▸ Problem description: Exact reproduction is required for the lines below starting at the line with "Army green jacket" and ending at the line with "Bild: 9783457782705 |", both included. No other lines, and no pictures.

▸ Data for the task:
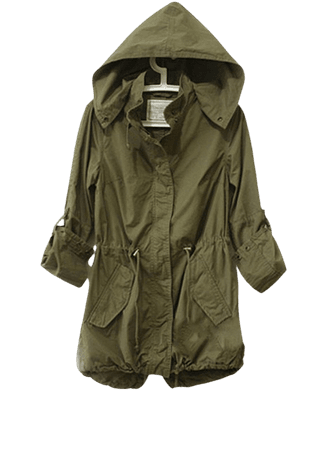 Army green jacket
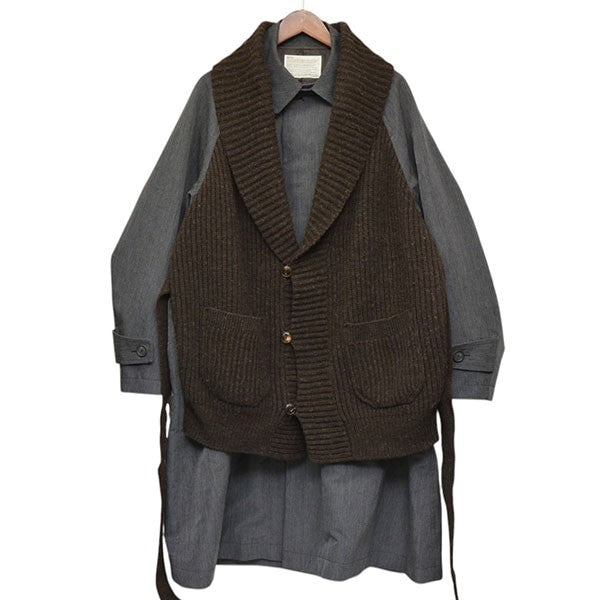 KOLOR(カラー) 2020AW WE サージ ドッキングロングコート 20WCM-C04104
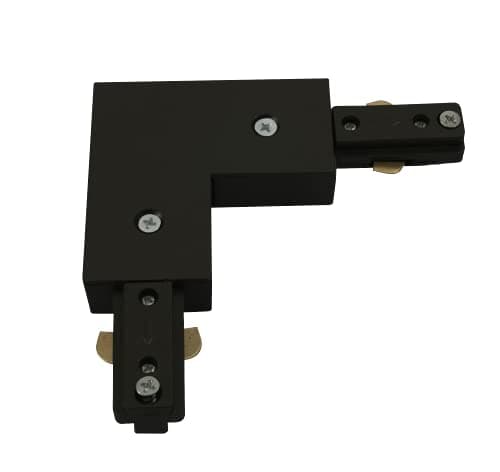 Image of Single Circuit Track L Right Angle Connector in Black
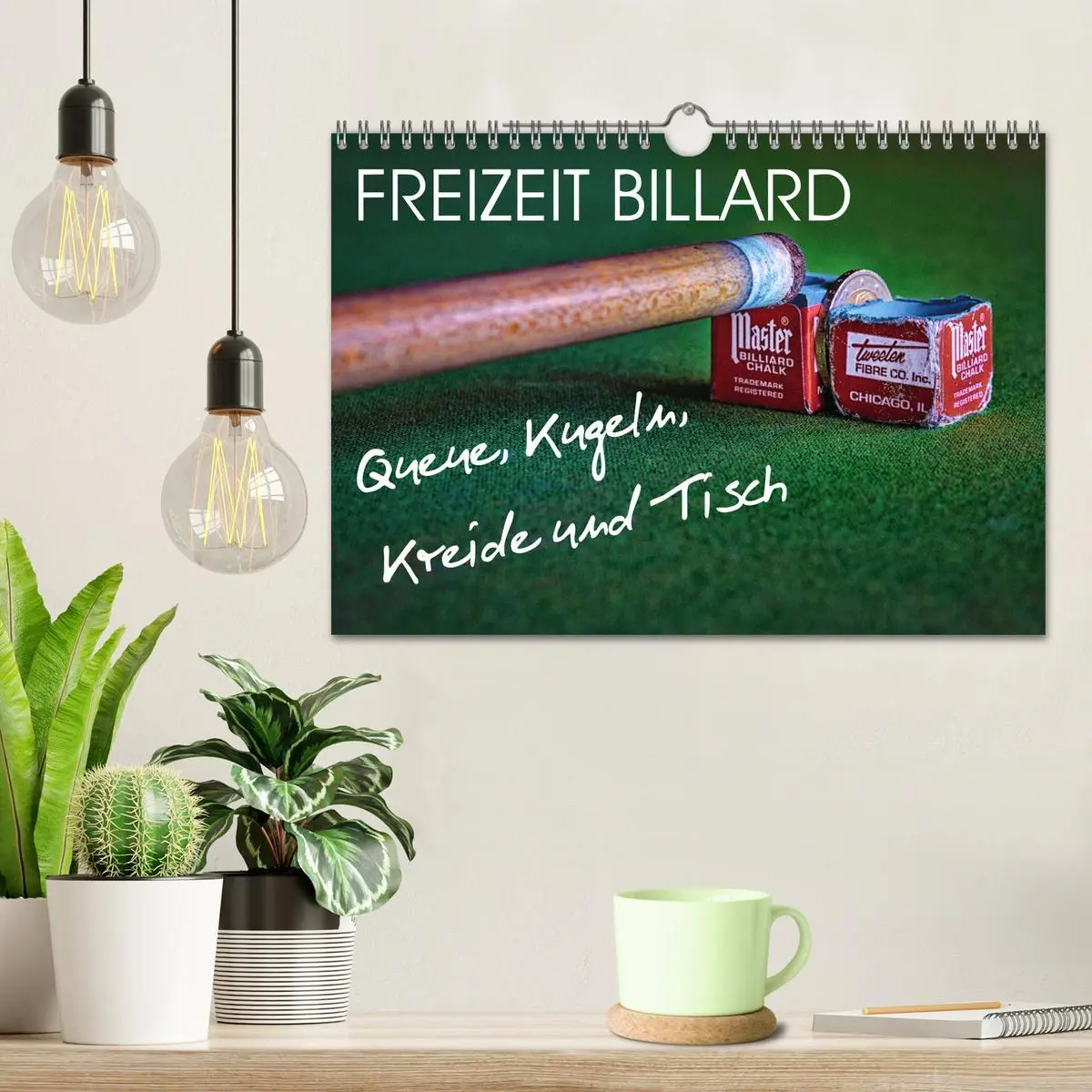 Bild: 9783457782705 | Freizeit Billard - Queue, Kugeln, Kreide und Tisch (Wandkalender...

* * *

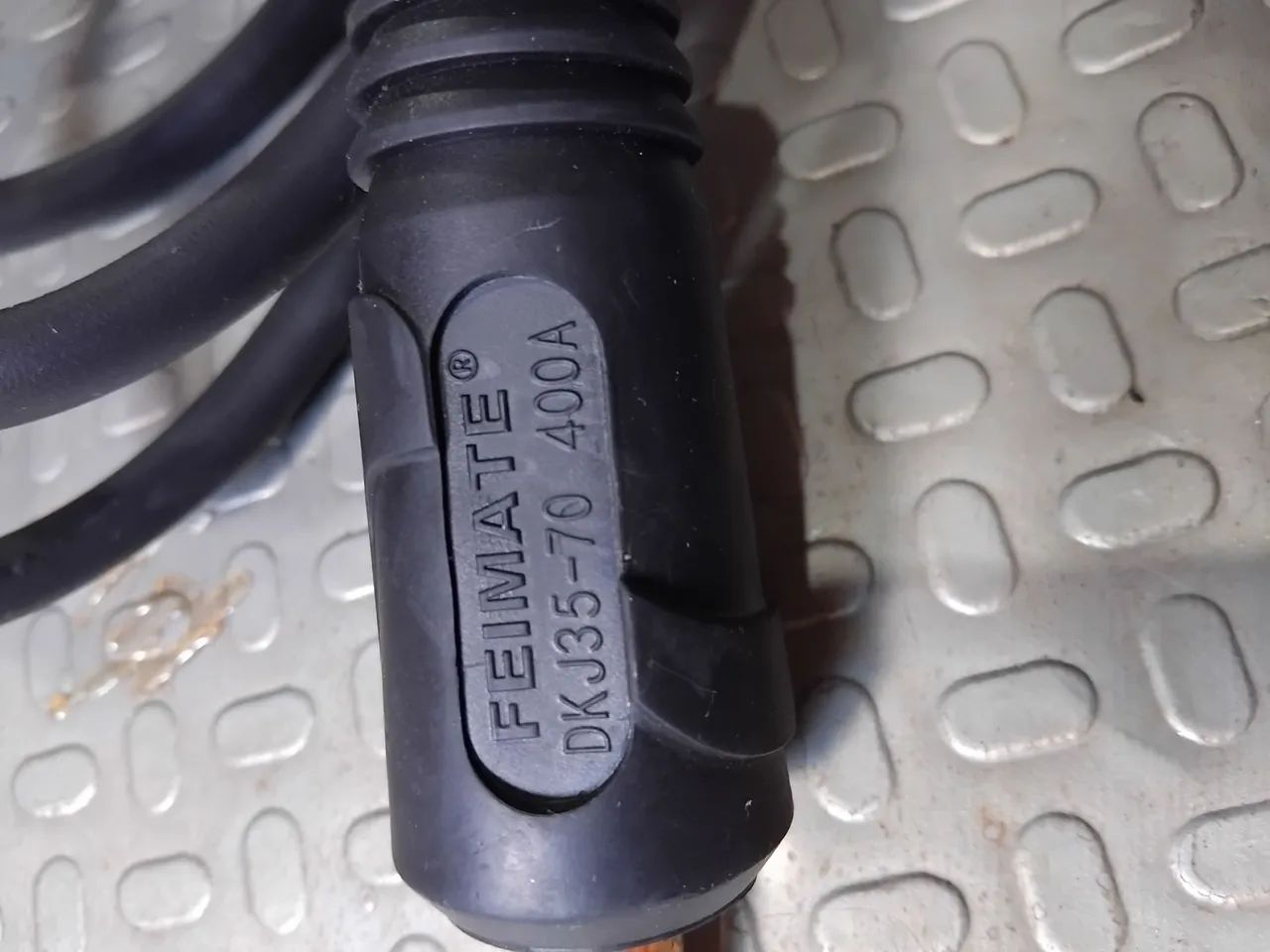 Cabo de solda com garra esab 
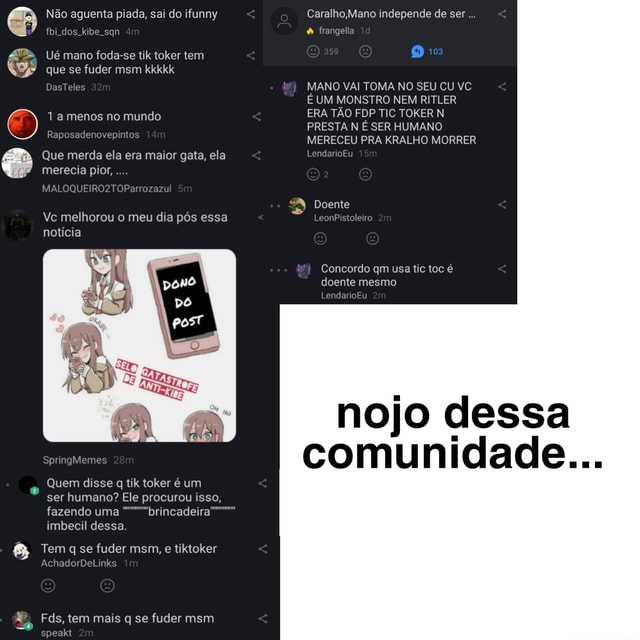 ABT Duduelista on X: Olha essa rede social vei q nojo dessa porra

▸ Exercise solution:
 Army green jacket
 KOLOR(カラー) 2020AW WE サージ ドッキングロングコート 20WCM-C04104
 Image of Single Circuit Track L Right Angle Connector in Black
 Bild: 9783457782705 | Freizeit Billard - Queue, Kugeln, Kreide und Tisch (Wandkalender...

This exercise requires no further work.